Where PyTorch (and GPUs in general) really shine are in batch operations. We get extra efficiency if we do a bunch of multiplications with matrices of the same size.

For matrix-matrix multiplcation, the function is [torch.bmm](https://pytorch.org/docs/stable/generated/torch.bmm.html#torch.bmm)

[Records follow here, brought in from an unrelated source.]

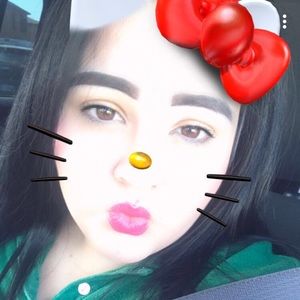 Meet your Posher, Jasmine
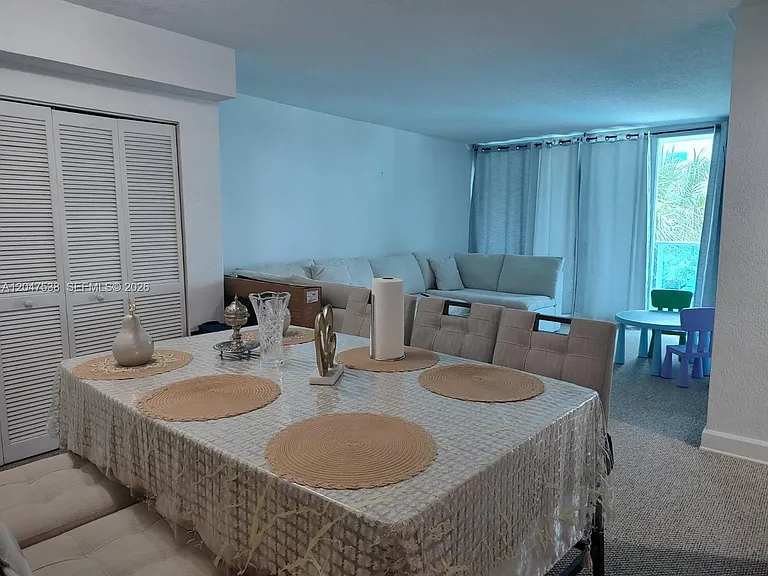 7501 E Treasure Dr #5J — Photo 10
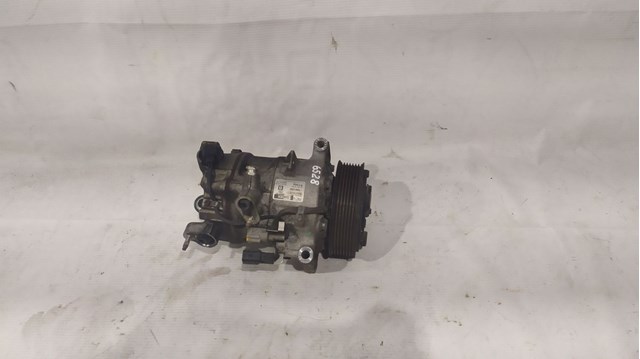 Компресор холодоагенту 926004GB0A NISSAN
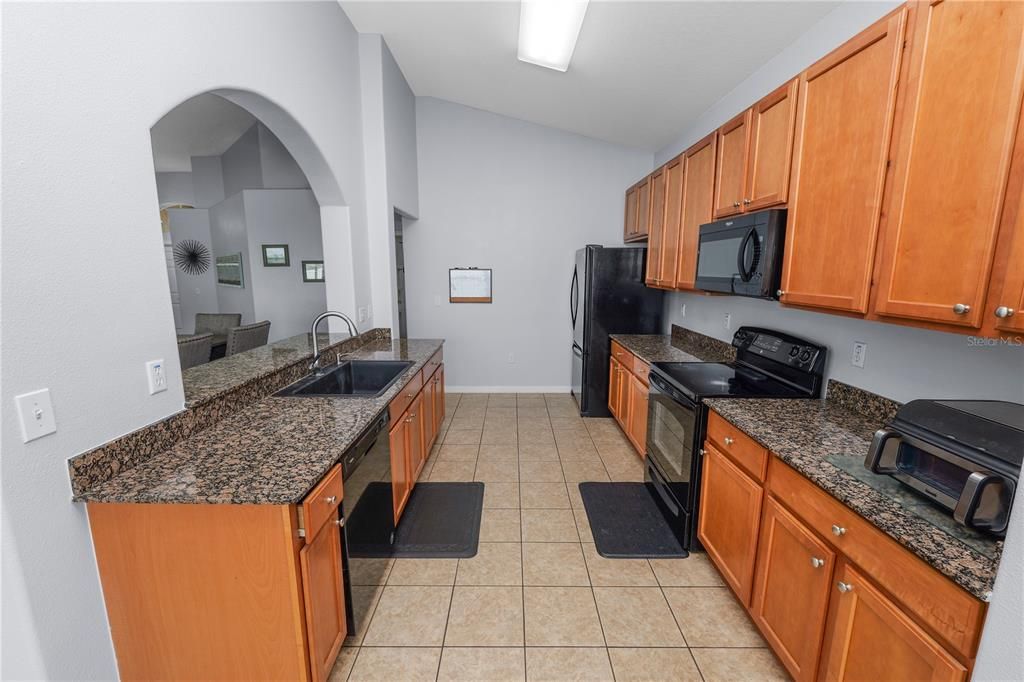 For Sale: $350,000 (3 beds, 2 baths, 1823 Square Feet)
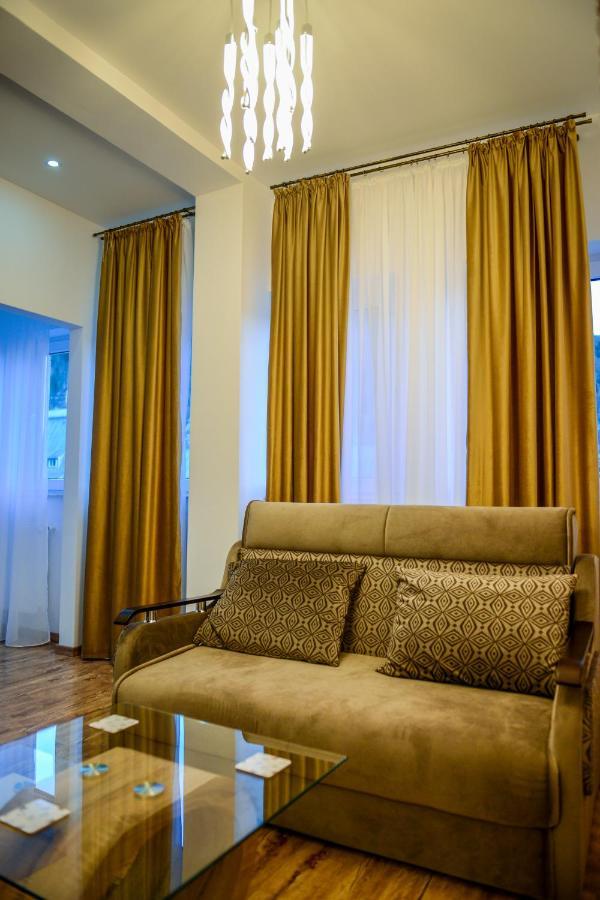 Laura Apartments Sinaia Luaran gambar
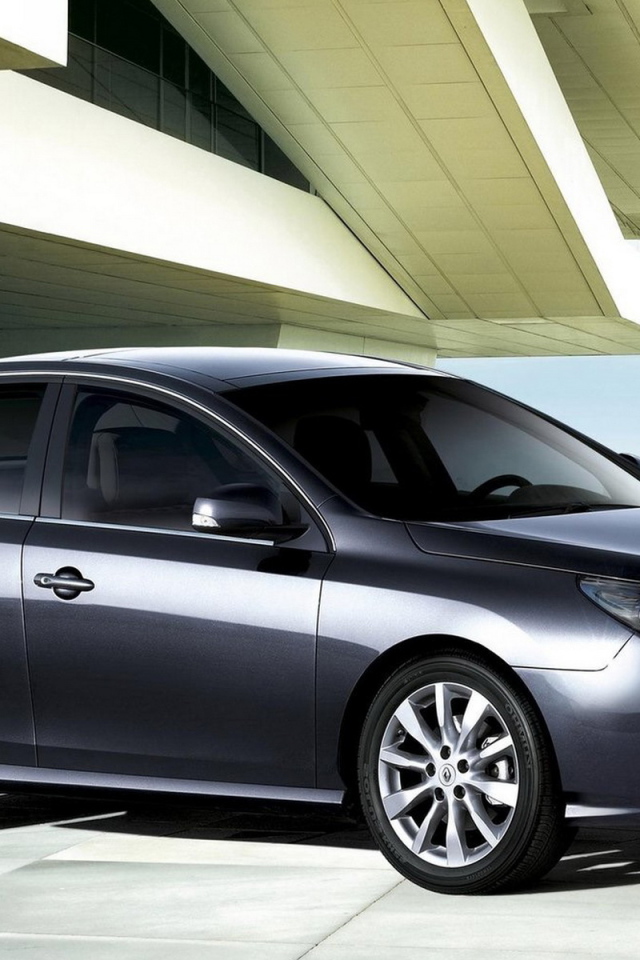 современный седан Renault-Latitude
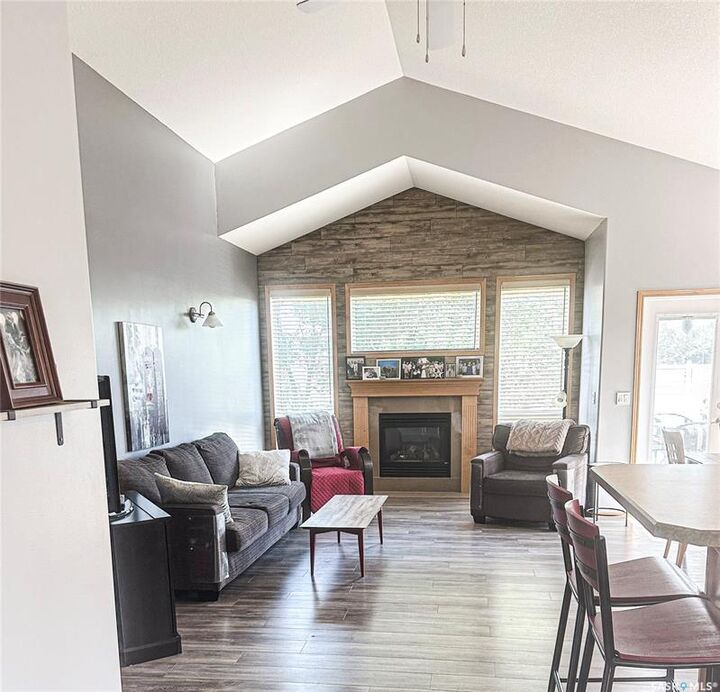 Property Photo:  8002 Knox Place  SK S4Y 1G5 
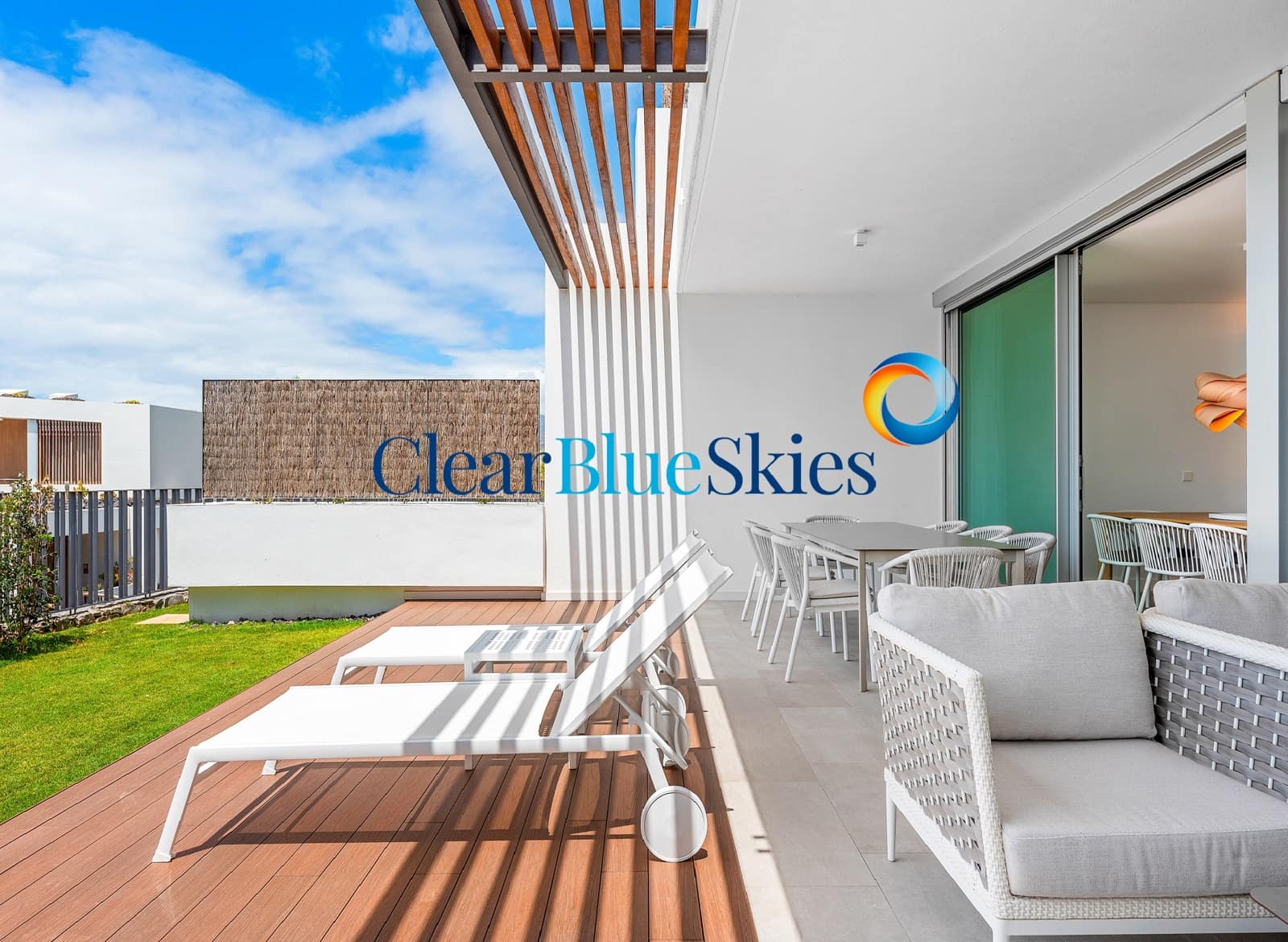 3 bedroom Apartment for sale in Playa San Juan with pool garage - € 1,479,000 (Ref: 9665482)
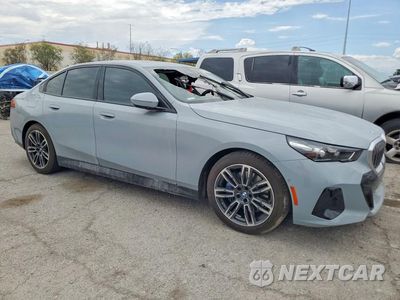 Czwarte zdjęcie samochodu z boku: 2025 BMW 530 I VIN:WBA43FJ08SCU38421 - miniatura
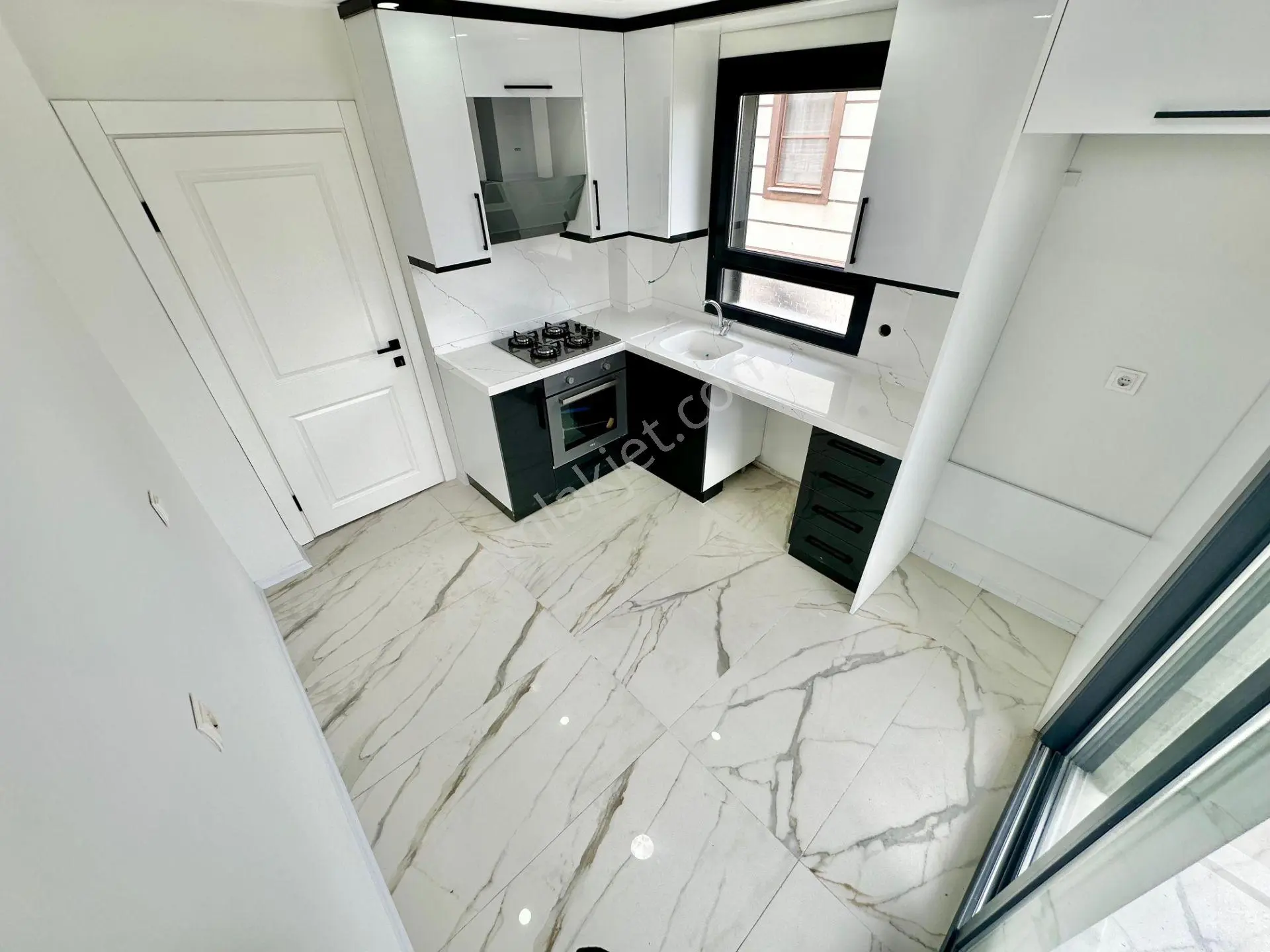 ꧁ay Emlaktan꧂ören'de Denize Sadece 500 Metre Geniş Manzaralı Teraslı Satılık 2+1 Lüx Dublex Daire - Görsel 9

Because tensors are row-major, we want the batch index to be the first index. In the below code, the batch multiplication is equivalent to
```
for i in range(k):
    C[i] = A[i] @ B[i]
```    

In [11]:
n = 512 # matrix size
k = 32 # batch size

Anp = np.random.randn(k, n, n)
Bnp = np.random.randn(k, n, n)
# see numpy matmul documentation for how this performs batch multiplication
print("numpy")
%time C = np.matmul(Anp, Bnp)

for device in ['cpu', 'cuda']:
    print(f"\ndevice = {device}")
    A = torch.randn(k, n, n).to(device=device)
    B = torch.randn(k, n, n).to(device=device)
    C = torch.bmm(A, B) # run once to warm up

    %time C = torch.bmm(A, B)

numpy
CPU times: user 897 ms, sys: 791 ms, total: 1.69 s
Wall time: 250 ms

device = cpu
CPU times: user 194 ms, sys: 11.1 ms, total: 205 ms
Wall time: 56.3 ms

device = cuda
CPU times: user 263 µs, sys: 121 µs, total: 384 µs
Wall time: 393 µs


## Sparse Linear Algebra¶

PyTorch also supports sparse tensors in [torch.sparse](https://pytorch.org/docs/stable/sparse.html). Tensors are stored in [COOrdinate format](https://caam37830.github.io/book/02_linear_algebra/sparse.html#coordinate-format).

In [12]:
i = torch.LongTensor([[0, 1, 1],
                      [2, 0, 2]])
v = torch.FloatTensor([3, 4, 5])
torch.sparse.FloatTensor(i, v, torch.Size([2,3])).to_dense()

tensor([[0., 0., 3.],
        [4., 0., 5.]])

indices are stored in a 2 x nnz tensor of Long (a datatype that stores integers). Values are stored as floats.